** Opening Data supplied block **
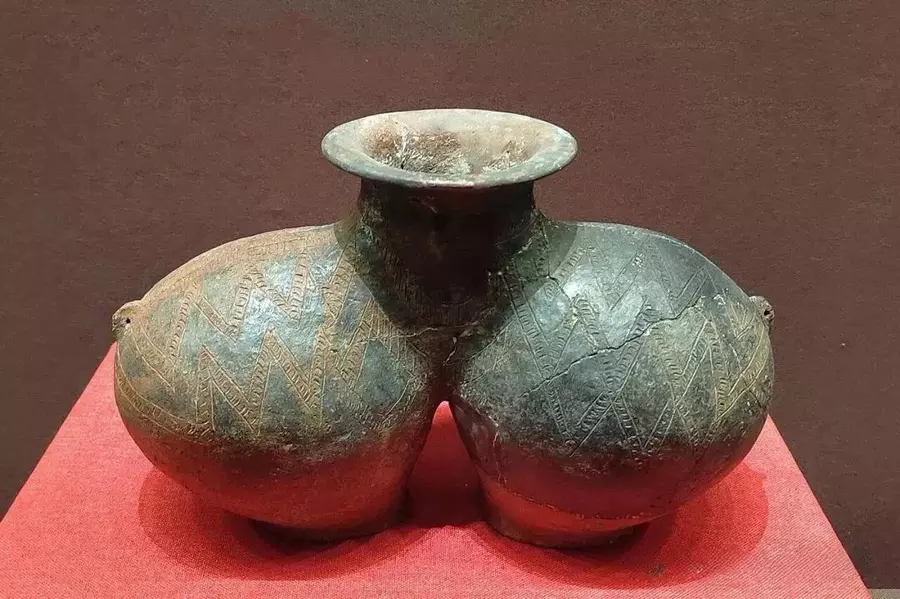 Double bodied pottery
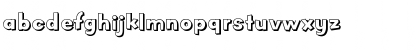 Download OdessaShadow Regular Font Lowercase Preview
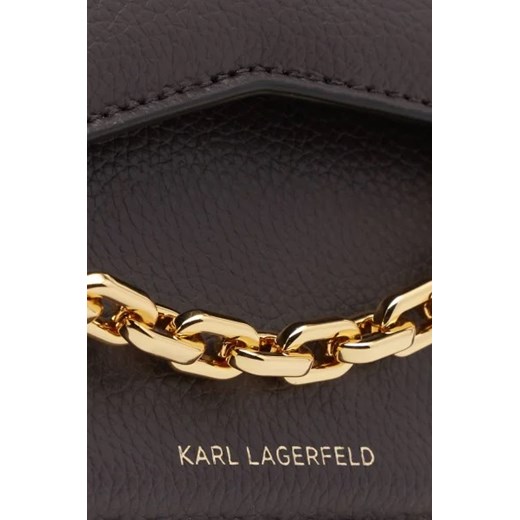 Karl Lagerfeld Skórzany kuferek k/seven grainy sb Karl Lagerfeld Uniwersalny Gomez Fashion Store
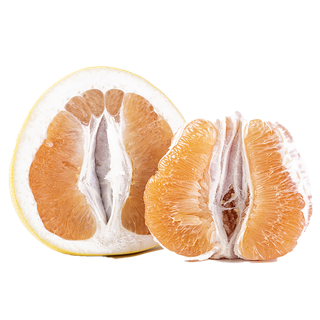 3黄心柚 (4)水果超市商品白底图免抠实物摄影png格式图片透明底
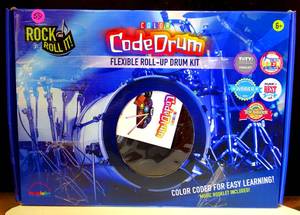 lot 59 image: Rock and Roll It COLOR CODE DRUM - Flexible Roll-Up Drum Kit - APPEARS NEW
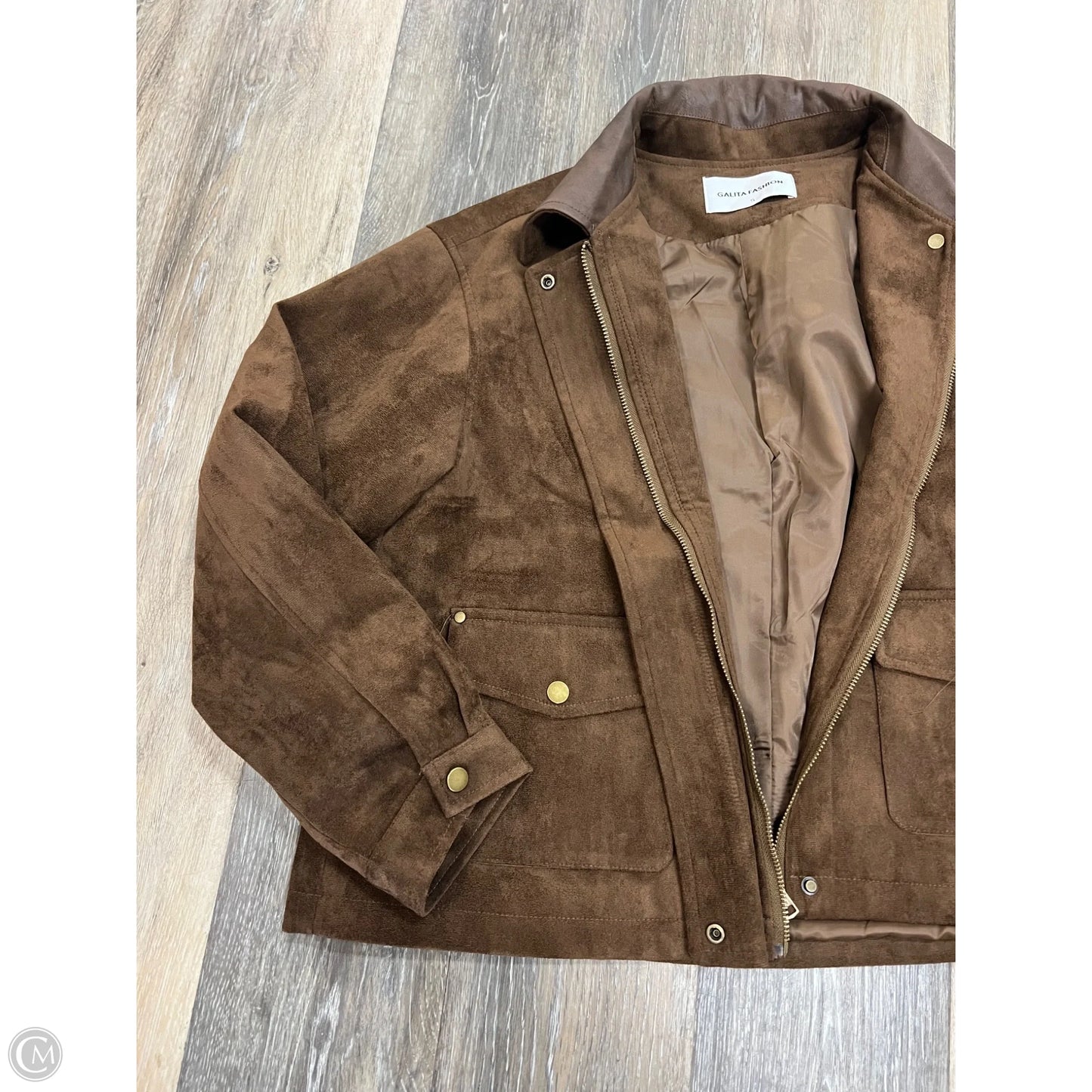 Jacket Moto By GALITA FASHION In Brown, Size: S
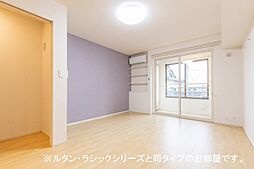 エムズガーデンＢ 206 2階ワンルームのリビング/ダイニング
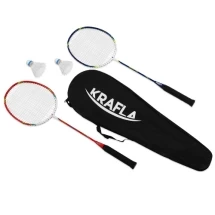KRAFLA COMFORT200 Набор для бадминтона с ракетками (2 шт) и воланами (2 шт)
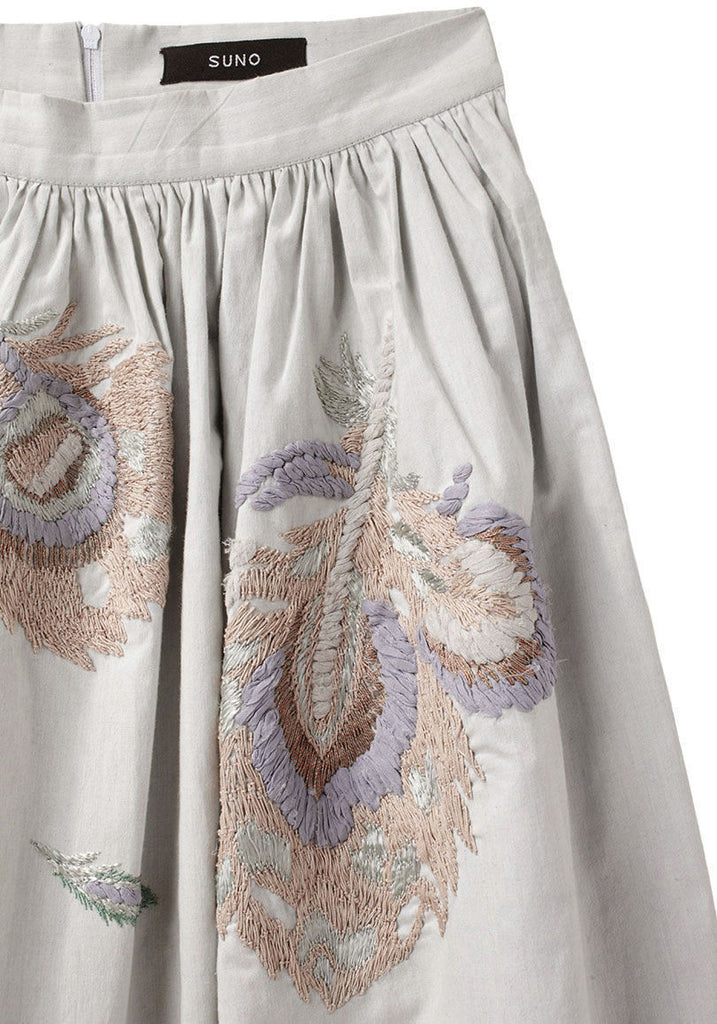 Embroidered Peacock Skirt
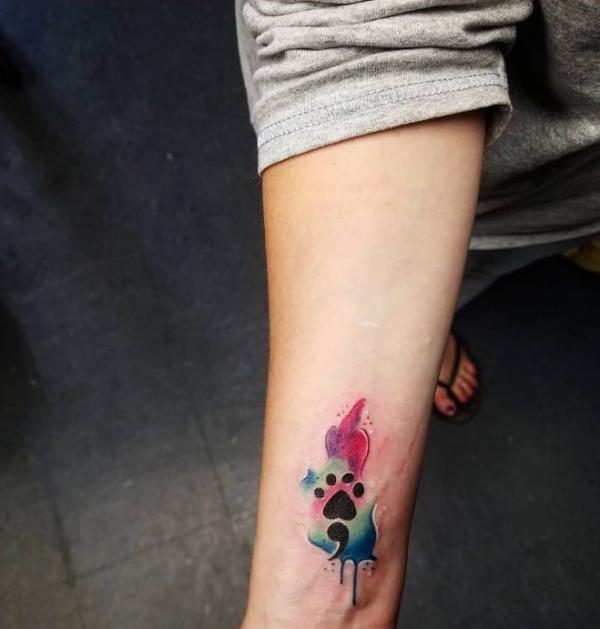 70 Inspirational Semicolon Tattoo Designs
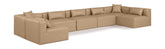 Cube - 7 Piece Modular U-Shaped Sectional - Tan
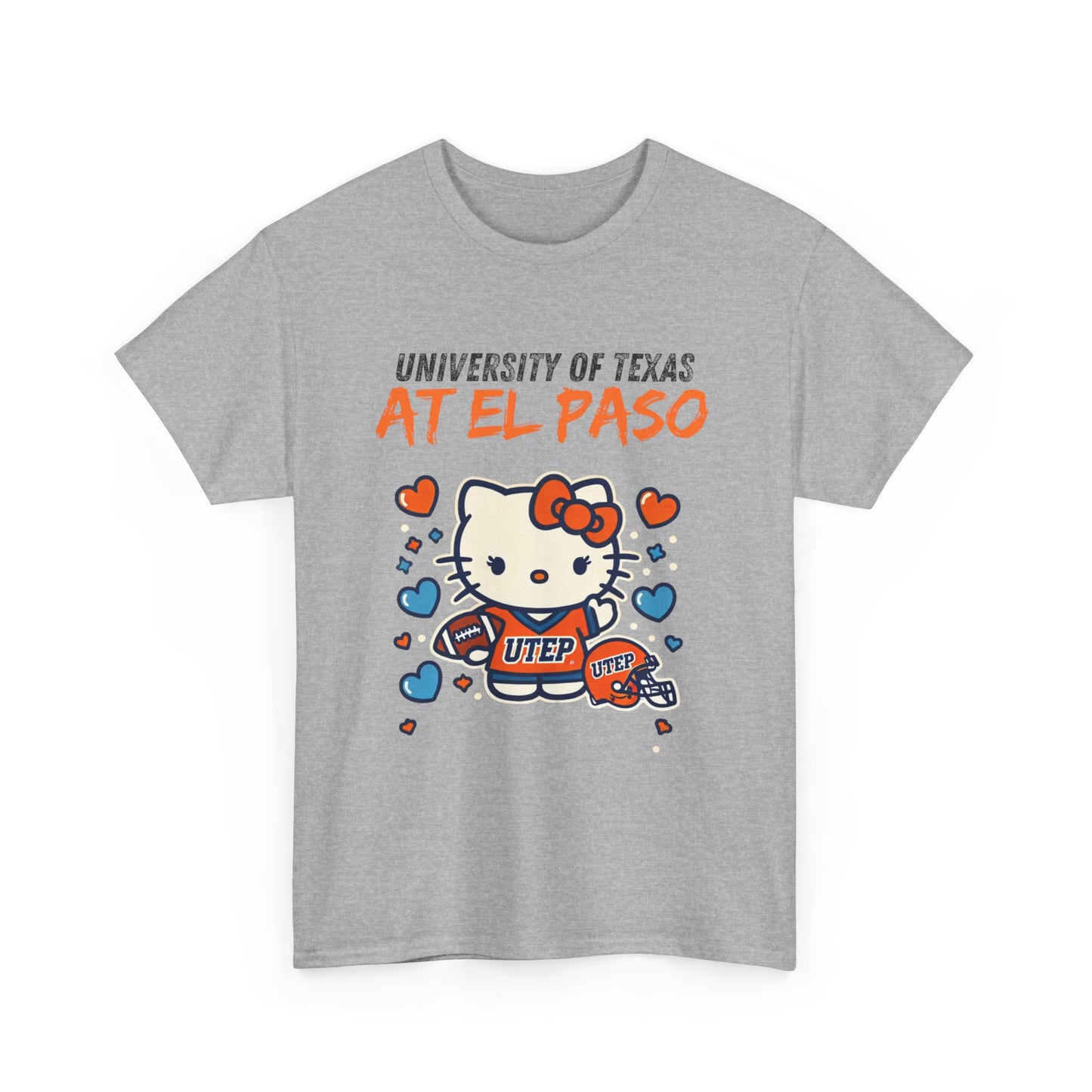 UTEP Hello Kitty Shirt  Unisex Heavy Cotton Tee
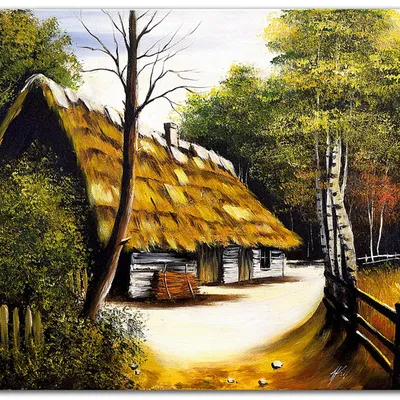 Obraz olejny - pejzaże - 50x70 cm - g119305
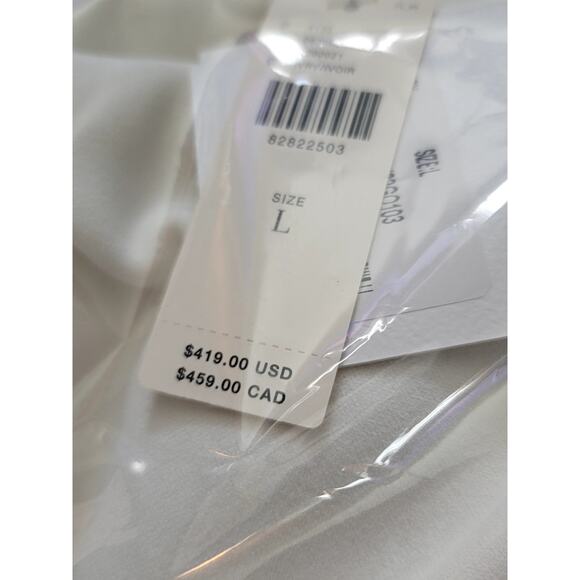 NWT MISHA Strapless Cutout Ivory Slit Dress - Large - Picture 5 of 7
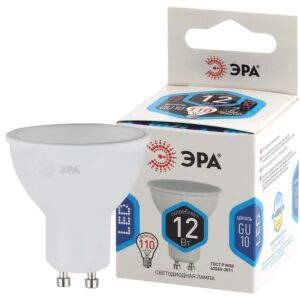 Лампочка светодиодная ЭРА STD LED MR16-12W-840-GU10 GU10 12 Вт софит нейтральный белый свет купить оптом недорого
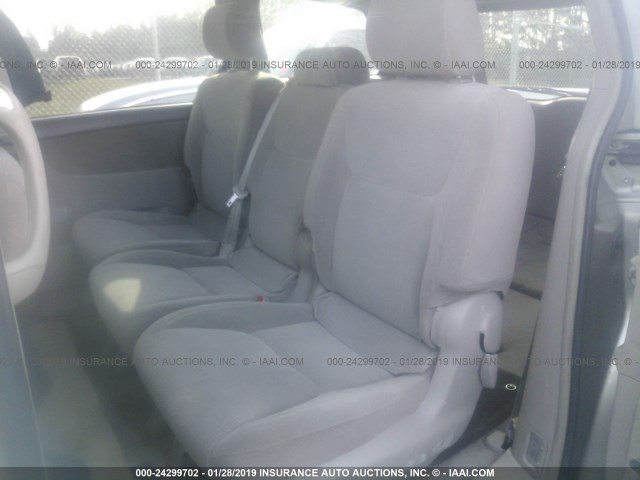 5TDZA23C94S026198 - 2004 TOYOTA SIENNA CE/LE GOLD photo 8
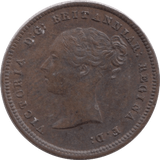 1843 HALF FARTHING ( EF ) - Half Farthing - Cambridgeshire Coins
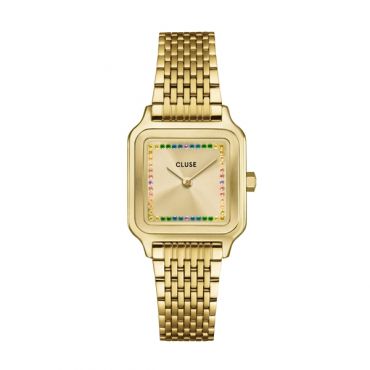 CLUSE Gold Gracieuse Petite Rainbow Watch - Gold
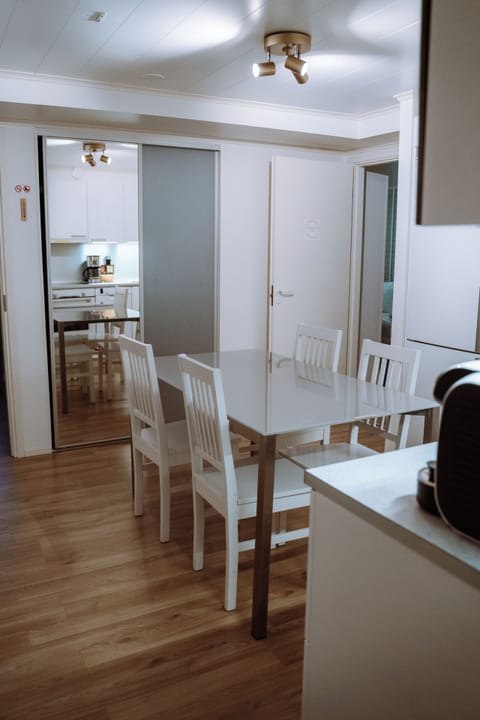 Golden Circle Suite with Kitchen & Sauna | Private kitchen | Full-size fridge, microwave, oven, stovetop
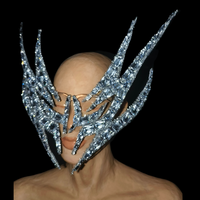 Masque pour les yeux en strass pour femmes et hommes, masque de fête, masque de bal, masque de spectacle, masque de scène, masque de performance, masque de mascarade d'Halloween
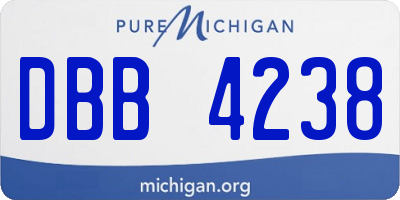 MI license plate DBB4238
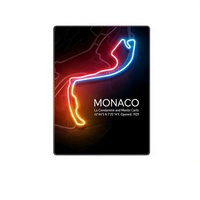Enseigne néon LED personnalisée Circuit de Monaco pour la décoration de garage ou de bar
** Closing Data supplied block **
__The problem__
When you come to the line containing "KRAFLA COMFORT200 Набор" in the records above, repeat that line and all lines after it exactly, but not the pictures.

__Expected answer__
KRAFLA COMFORT200 Набор для бадминтона с ракетками (2 шт) и воланами (2 шт)
 Embroidered Peacock Skirt
 70 Inspirational Semicolon Tattoo Designs
 Cube - 7 Piece Modular U-Shaped Sectional - Tan
 UTEP Hello Kitty Shirt  Unisex Heavy Cotton Tee
 Obraz olejny - pejzaże - 50x70 cm - g119305
 NWT MISHA Strapless Cutout Ivory Slit Dress - Large - Picture 5 of 7
 Лампочка светодиодная ЭРА STD LED MR16-12W-840-GU10 GU10 12 Вт софит нейтральный белый свет купить оптом недорого
 5TDZA23C94S026198 - 2004 TOYOTA SIENNA CE/LE GOLD photo 8
 1843 HALF FARTHING ( EF ) - Half Farthing - Cambridgeshire Coins
 CLUSE Gold Gracieuse Petite Rainbow Watch - Gold
 Golden Circle Suite with Kitchen & Sauna | Private kitchen | Full-size fridge, microwave, oven, stovetop
 Masque pour les yeux en strass pour femmes et hommes, masque de fête, masque de bal, masque de spectacle, masque de scène, masque de performance, masque de mascarade d'Halloween
 MI license plate DBB4238
Enseigne néon LED personnalisée Circuit de Monaco pour la décoration de garage ou de bar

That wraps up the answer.